19699: Add --prefer-cached-downloads, add tests 19699-cwl-http-dl
authorPeter Amstutz <peter.amstutz@curii.com>
Wed, 9 Nov 2022 03:24:52 +0000 (22:24 -0500)
committerPeter Amstutz <peter.amstutz@curii.com>
Mon, 14 Nov 2022 16:27:45 +0000 (11:27 -0500)
Arvados-DCO-1.1-Signed-off-by: Peter Amstutz <peter.amstutz@curii.com>

sdk/cwl/arvados_cwl/__init__.py
sdk/cwl/arvados_cwl/arvcontainer.py
sdk/cwl/arvados_cwl/context.py
sdk/cwl/arvados_cwl/executor.py
sdk/cwl/arvados_cwl/http.py
sdk/cwl/arvados_cwl/pathmapper.py
sdk/cwl/tests/test_http.py
sdk/cwl/tests/test_submit.py

index 8de1b60bc4bbc4c8a7f5688d845a15fcad9864f9..196bea03907848a8ff795ac3326337d169c0aedc 100644 (file)
@@ -224,6 +224,9 @@ def arg_parser():  # type: () -> argparse.ArgumentParser
     parser.add_argument("--varying-url-params", type=str, default="",
                         help="A comma separated list of URL query parameters that should be ignored when storing HTTP URLs in Keep.")
 
+    parser.add_argument("--prefer-cached-downloads", action="store_true", default=False,
+                        help="If a HTTP URL is found in Keep, skip upstream URL freshness check (will not notice if the upstream has changed, but also not error if upstream is unavailable).")
+
     exgroup = parser.add_mutually_exclusive_group()

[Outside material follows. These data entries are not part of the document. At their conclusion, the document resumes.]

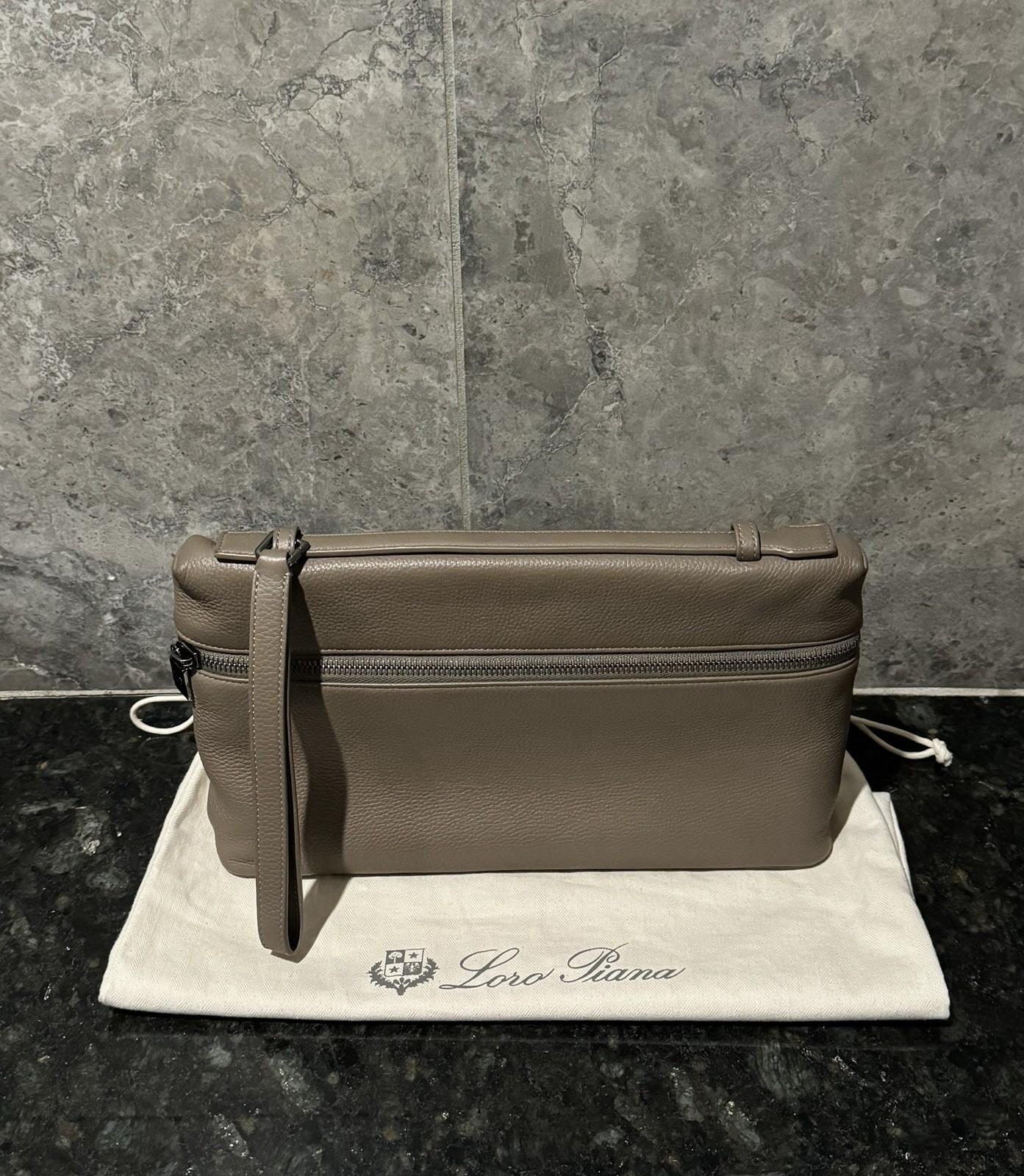 LORO PIANA ‘Extra Pouch L29’ Grained Calfskin Leather Bag Warm Mastic Onyx $2250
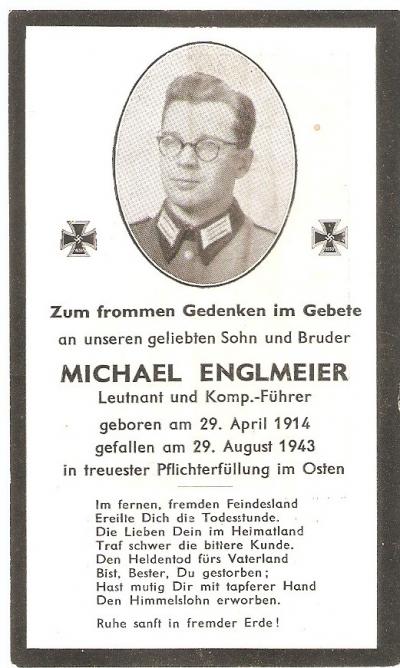 WWII German Death Card Eastern Front Officer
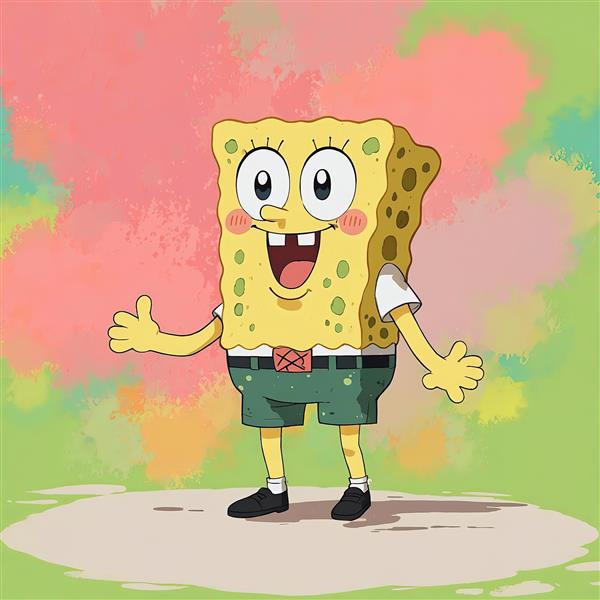 طرح گرافیکی باب اسفنجی شلوارمکعبی شاد و خندان با پس‌زمینه آبرنگی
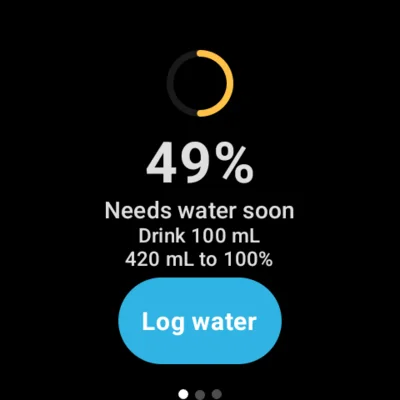 HydroPulse home screen showing a 49 % hydration balance and a Log water button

     exgroup.add_argument("--enable-preemptible", dest="enable_preemptible", default=None, action="store_true", help="Use preemptible instances. Control individual steps with arv:UsePreemptible hint.")
     exgroup.add_argument("--disable-preemptible", dest="enable_preemptible", default=None, action="store_false", help="Don't use preemptible instances.")

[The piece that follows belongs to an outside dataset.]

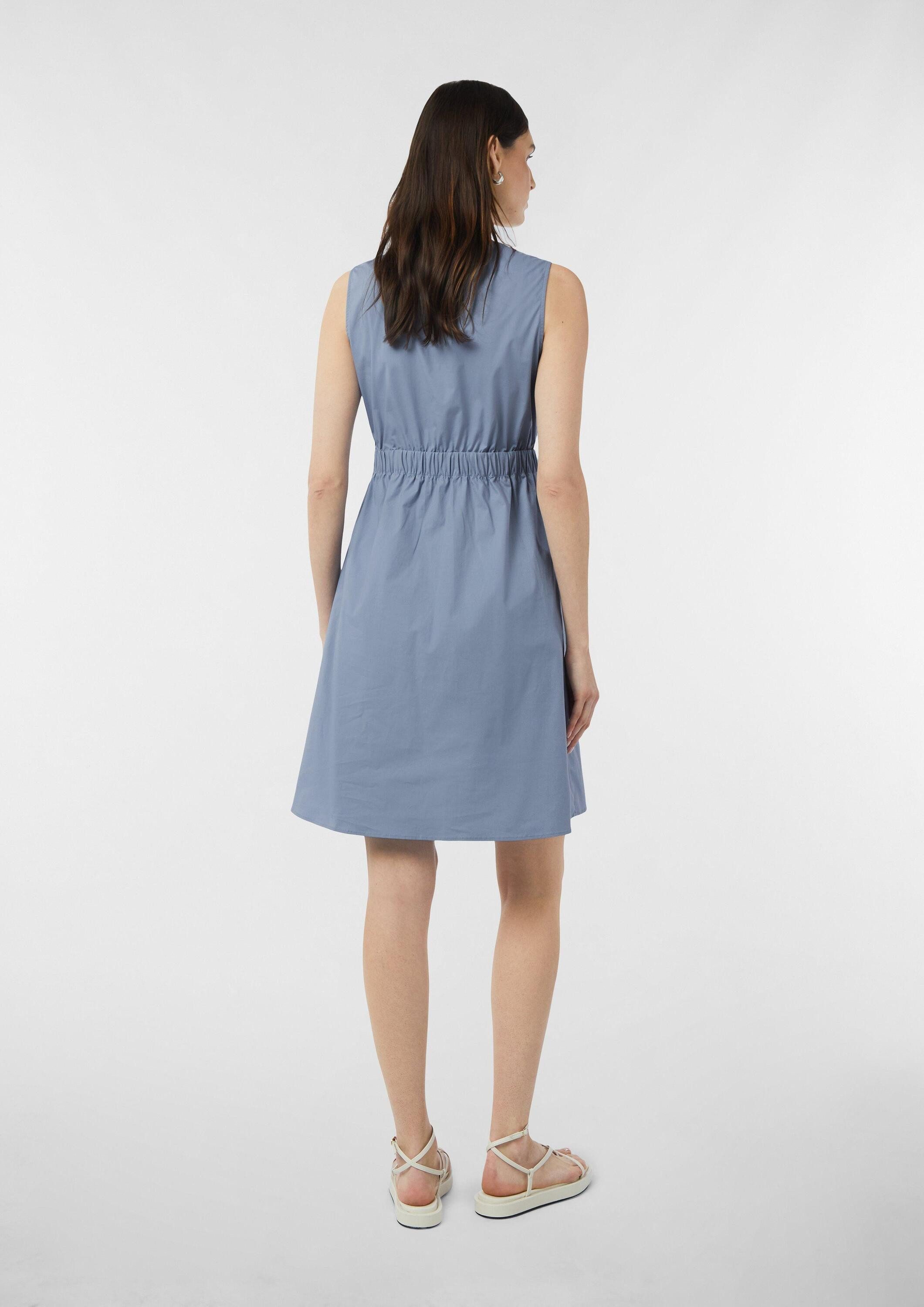 comma Minikleid Kleid Kurzes Popeline-Kleid mit elastischem Taillen-Einsatz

index b0ef4a22cc1f7c55bcfa0d1746fcb7cb5fe082f5..f8715f7e7b805f8191e79cd68b4ae4324d04bc59 100644 (file)
@@ -607,6 +607,9 @@ class RunnerContainer(Runner):
         if runtimeContext.varying_url_params:
             command.append("--varying-url-params="+runtimeContext.varying_url_params)
 
+        if runtimeContext.prefer_cached_downloads:
+            command.append("--prefer-cached-downloads")
+
         command.extend([workflowpath, "/var/lib/cwl/cwl.input.json"])
 
         container_req["command"] = command
index 66ccb26fae1e6884955faabde9af10b4224a9d68..3ce561f66d3404e03c4aab19470439af22bf83dd 100644 (file)
@@ -41,6 +41,7 @@ class ArvRuntimeContext(RuntimeContext):
         self.copy_deps = None
         self.defer_downloads = False
         self.varying_url_params = ""
+        self.prefer_cached_downloads = False
 
         super(ArvRuntimeContext, self).__init__(kwargs)
 
index cbeee924278d12fba688ce5389fb14e42e47775e..b042401d6b74ddc7bfa617fad91ccd40dbbb4b0c 100644 (file)

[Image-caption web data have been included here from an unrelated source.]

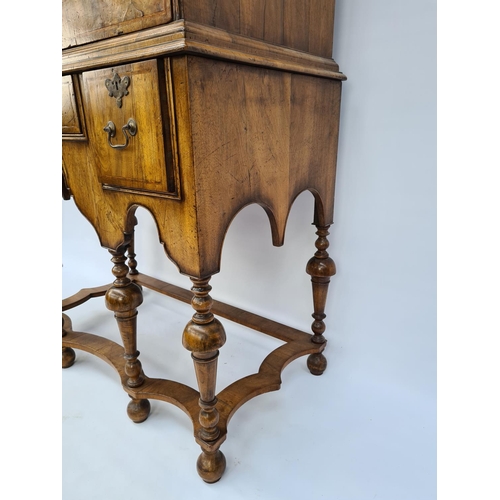 66 - AN EARLY 18TH CENTURY QUEEN ANNE WALNUT CHEST ON STAND WITH HERRINGBONE BANDING TO DRAWERS, SOLID WA... 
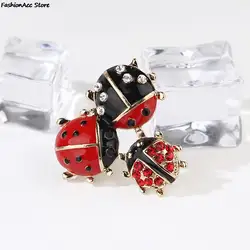 Fashion Enamel Red Ladybug Brooches for Women Cute Insect Rhinestone Brooch Pin Fashion Jewelry Christmas Gift Kids Ornament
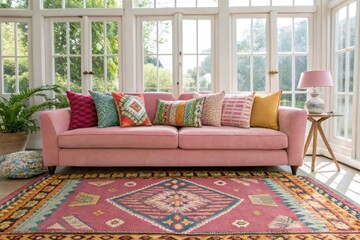 Panoramic shot of a stylish living room featuring a pink sofa, colorful rug, and inviting pillows.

@@ -113,6 +113,8 @@ class ArvCwlExecutor(object):
             arvargs.thread_count = 1
             arvargs.collection_cache_size = None
             arvargs.git_info = True
+            arvargs.submit = False
+            arvargs.defer_downloads = False
 
         self.api = api_client
         self.processes = {}
@@ -207,7 +209,6 @@ The 'jobs' API is no longer supported.
                                                      collection_cache=self.collection_cache)
 
         self.defer_downloads = arvargs.submit and arvargs.defer_downloads
-        self.varying_url_params = arvargs.varying_url_params
 
         validate_cluster_target(self, self.toplevel_runtimeContext)
 
@@ -364,8 +365,8 @@ The 'jobs' API is no longer supported.
                     page = keys[:pageSize]
                     try:
                         proc_states = table.list(filters=[["uuid", "in", page]]).execute(num_retries=self.num_retries)
-                    except Exception:
-                        logger.exception("Error checking states on API server: %s")
+                    except Exception as e:
+                        logger.exception("Error checking states on API server: %s", e)
                         remain_wait = self.poll_interval
                         continue
 
index 34f921133344705ac114bf6e2e8cfff501deb551..f2415bcffef40ef805b4e3a0213778caac16f63e 100644 (file)
@@ -74,17 +74,21 @@ def remember_headers(url, properties, headers, now):
 
 def changed(url, clean_url, properties, now):
     req = requests.head(url, allow_redirects=True)
-    remember_headers(url, properties, req.headers, now)
 
     if req.status_code != 200:
         # Sometimes endpoints are misconfigured and will deny HEAD but
         # allow GET so instead of failing here, we'll try GET If-None-Match
         return True
 
-    pr = properties[clean_url]
-    if "ETag" in pr and "ETag" in req.headers:
-        if pr["ETag"] == req.headers["ETag"]:
-            return False
+    etag = properties[url].get("ETag")
+
+    if url in properties:
+        del properties[url]
+    remember_headers(clean_url, properties, req.headers, now)
+
+    if "ETag" in req.headers and etag == req.headers["ETag"]:
+        # Didn't change
+        return False
 
     return True
 
@@ -97,36 +101,51 @@ def etag_quote(etag):
         return '"' + etag + '"'
 
 
-def http_to_keep(api, project_uuid, url, utcnow=datetime.datetime.utcnow, varying_url_params=""):
+def http_to_keep(api, project_uuid, url, utcnow=datetime.datetime.utcnow, varying_url_params="", prefer_cached_downloads=False):
     varying_params = [s.strip() for s in varying_url_params.split(",")]
 
     parsed = urllib.parse.urlparse(url)
     query = [q for q in urllib.parse.parse_qsl(parsed.query)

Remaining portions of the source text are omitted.